Во вторник 27 июля 1830 года Шатобриан приехал к Жюльетте в Дьеп и провел несколько часов в ее обществе, в отеле «Альбиан», «беседуя и глядя на волны». Политическая обстановка была напряженной: в мае палата депутатов воспротивилась королю и в своем «Обращении 221-го» ясно дала понять, насколько она не одобряет правительство Полиньяка. В ответ Карл X ее распустил. Несмотря на недавние успехи в Алжире, новая палата в большинстве своем была либеральной. Король должен действовать. Опасаются попытки государственного переворота. Появляется добрый Балланш со свежими новостями: публикация четырех королевских ордонансов, отменяющих свободу прессы, распускающих новый парламент, изменяющих закон о выборах и назначающих выборы на следующий месяц. Шатобриан не ошибся: момент серьезный, ему нужно немедленно возвращаться в Париж.
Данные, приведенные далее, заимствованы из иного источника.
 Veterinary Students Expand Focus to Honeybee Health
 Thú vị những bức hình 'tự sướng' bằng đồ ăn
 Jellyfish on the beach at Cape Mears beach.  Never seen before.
Он «сел в карету в семь часов вечера, оставив своих друзей в тревоге»…
По дороге Шатобриан перечитал в «Мониторе» королевские ордонансы: они ужасно нескладны и выражают «полное неведение о состоянии современного общества»… Брожение умов таково, что Париж может восстать… Шатобриану не хочется такое пропустить…
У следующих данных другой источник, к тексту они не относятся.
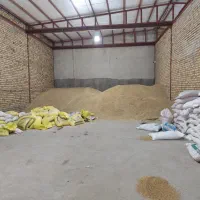 فروش  تناژ جو درجه یک دیم و آبی به شرط|خدمات باغبانی و درختکاری|بروجرد, |دیوار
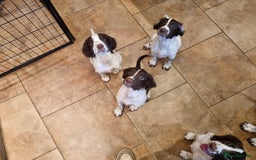 English Springer Spaniel dogs for sale: English springer spaniel puppies  - Image 24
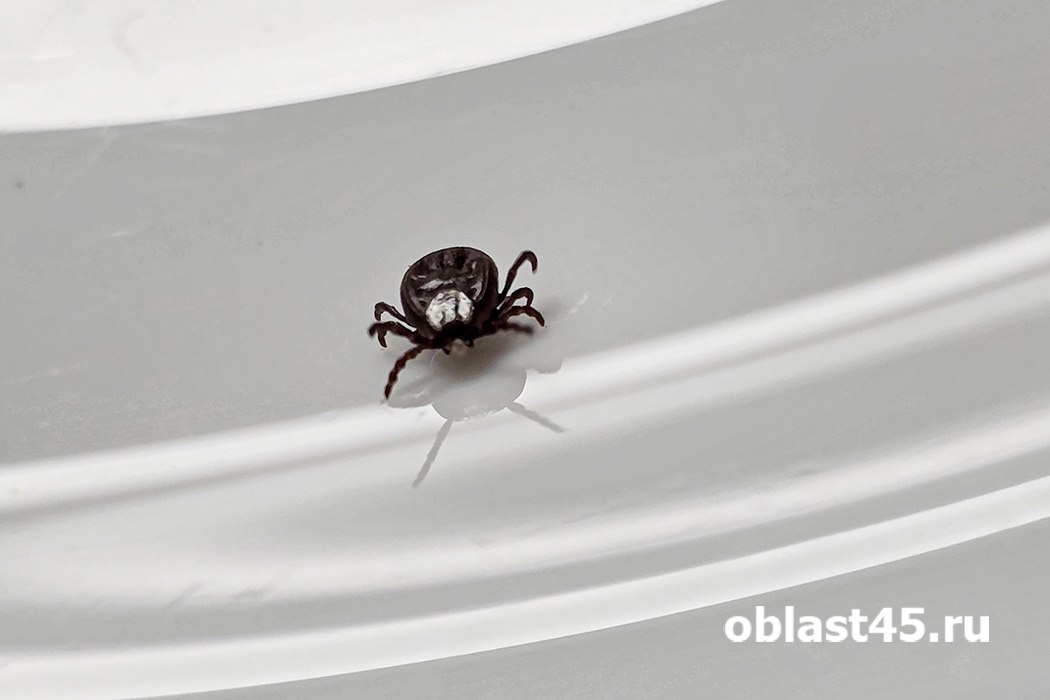 В Кургане по плану стартует весенняя обработка территорий от клещей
Он прав. В тот день король остался в Сен-Клу, тогда как Мармон развернул королевские войска в столице. Вечером начались первые столкновения, из мостовых вынимали булыжники, в бедных кварталах строили баррикады. Шатобриан, подробно рассказавший об этих днях в «Записках», писал, что тогда «старые тактики революции еще помнили пути к ратуше, а прежние мятежники наставляли молодых инсургентов». И добавляет — потрясающий ракурс: «В Сен-Клу играли в вист».
В среду 28-го, в пять часов утра, Париж был объявлен на осадном положении. Восстание ширилось. Три колонны, развернутые Мармоном, чтобы ему противостоять, потерпели поражение. Бились на Аркольском мосту и на подступах к ратуше, на которой удалось поднять трехцветный флаг.
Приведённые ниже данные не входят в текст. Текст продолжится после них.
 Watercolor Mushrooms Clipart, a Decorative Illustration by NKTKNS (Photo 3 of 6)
В четверг 29-го Мармон, отступивший к Лувру и Тюильри, был вынужден оставить свои позиции. Как национальные гвардейцы накануне, два из его полков примкнули к мятежникам. Мармону пришлось вывести войска из Парижа. Под вечер «трех славных дней» Бурбоны, не покидая Сен-Клу, были побеждены.
В тот же день Шатобриан сообщил обо всем Жюльетте.
Четверг, утро, 29 июля 1830 г.
Пишу Вам, не зная, попадет ли к Вам мое письмо, ибо почту больше не отправляют.
Я вступил в Париж: под звуки канонады, перестрелки и набата. Сегодня утром набат еще звучит, но, выстрелов больше не слышно: говорят, что происходит организация и сопротивление будет продолжаться, пока ордонансы не отзовут. Вот непосредственный результат, не говоря уже об окончательном результате клятвопреступления, по меньшей мере явную вину за которое мерзкие министры возложат на корону. Национальная гвардия, Политехническая школа — всё в этом участвует. Я еще никого не видел. Можете судить, в каком состоянии я нашел г-жу де Шатобриан. Люди, которые, как и она, уже видели 10 августа и 2 сентября, остались под впечатлением террора. Один полк, 5-й линейный, перешел на сторону Хартии. Ясно, что г-н де Полиньяк и его правительство — главный виновник [sic], какой только есть. Его бездарность — плохое оправдание: амбиции при отсутствии талантов — преступление. Говорят, что двор в Сен-Клу готов уехать.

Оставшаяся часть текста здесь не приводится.